不知多久,一听长吁,马车停在了那条熟悉的街巷。
苏棠面无表情弯腰起身,便要下马车。
手腕却被人攥住。
苏棠转头,郁殊正埋头坐在那儿,未曾看她,攥着她手腕的手却未曾放松分毫。
她挣扎了下,他的手却如锁链,挣脱不开。
苏棠满眼陌生瞧着他头顶发冠上那颗漆黑的玉石,片刻后沉了一口气:“郁殊,你着实没必要这般。”
“……”郁殊不语。
苏棠停顿了下,平复和心中波澜,声音如劝说般轻道:“你如今只手遮天,根本无需再用一个影子聊以慰藉。以往你不知道太后对你的心思,便在我身上寻求被在意的假象。今夜你该知道了,太后亦是在意你的。群臣面前,她穿着那件衣裳站在你的对面,很是般配。”
她缓了缓继续道:“太后与我不同,她性子温婉,待你有恩。你素来不理旁人看法,将我驱逐,你们便可两情相悦,何乐不为?”
何乐不为。
郁殊怔怔抬眸,不可思议望着她,心中一坠一坠的疼,好一会儿才道:“你当真这么想的?”
“是。”
“撒谎!”郁殊声音慌乱,只是他自己也不知,是在否认她的话还是……自我宽慰。
他看出了她的认真。
“苏棠,你说过,你爱我。”他呢喃道。
苏棠怔了下:“我也说过,三年,腻了,”她笑了笑道,“王爷难不成想求着我继续爱你?”
手腕上抓着她的手僵住。
好一会儿,苏棠感觉那只手松了力道。
没等他松开,她便已率先挣脱了他的掌心,只言未发,下马车离去。
回了院落,打了水,将手来来回回洗了好几遍,直到再感觉不到任何蜡的滑腻,她方才回了屋子,蜡烛都未点,躺在床上,心中却是前所未有的宁静。
一夜好眠。
第二日一大早,苏棠是被一阵叩门声吵醒的,睡得美满,人的精神都足了些。
“棠丫头?”阿婆的声音在门外响起。
苏棠穿戴好,走了出去,打开院门:“阿婆?”
“昨个儿你不在,这是一个叫小五的伙计送来的,我便替你收着了。”阿婆将一纸书信递给她。

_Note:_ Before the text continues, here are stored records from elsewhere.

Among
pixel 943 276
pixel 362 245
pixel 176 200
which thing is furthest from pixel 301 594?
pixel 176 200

苏棠接过书信,飞快扫了一眼,是醯酱铺的掌柜,那个叫孙温的书生送来的,说明儿个有时间,可以前去将地契签了。
苏棠笑道:“多谢阿婆。”
……
高卫守在书房门外,忍不住来回走动着。
昨夜王爷回了王府后便进了书房,屋内烛火亮了一整夜。
他半夜曾以送夜宵之名进去过一次,王爷只面无表情坐在书案后,一言未发。
而今天色大亮,高卫终再忍不住,端过下人送来的铜盆温水,走上前便欲叩响房门。
不想房门正从里面打开,郁殊出现在门口。
高卫忙收回手,俯首恭道:“王爷。”
郁殊神色如常,静了一会儿道:“为何不报?”
“什么?”
郁殊道:“太后曾见过苏棠一事。”
高卫迟疑片刻,硬着头皮道:“是王爷您给苏姑娘送衣裳后第二日说,暂不愿听见苏姑娘的任何事。”
他说的。
郁殊本浑浊的双目逐渐清明,的确是他说的。
那时,他以醯酱铺威胁她随他一同去宫宴,她嘲讽“王爷只会威胁吗?”
他本想摆脱她对他的影响,却从未想到,摆脱的人,竟是她。
“王爷。”高卫将铜盆放下,拧了块方巾,递给郁殊,“您的额角……”
郁殊垂眸,接过素白方巾,他的手却比那方巾还要苍白,手背上一片灼红。
他面无表情擦拭着额角残留的血迹:“高卫,备几箱珠宝。”
……
世子府今日一早便迎来了一位贵客。
薛安一路小跑,跑到沈辞房外:“少爷,您起了吗?”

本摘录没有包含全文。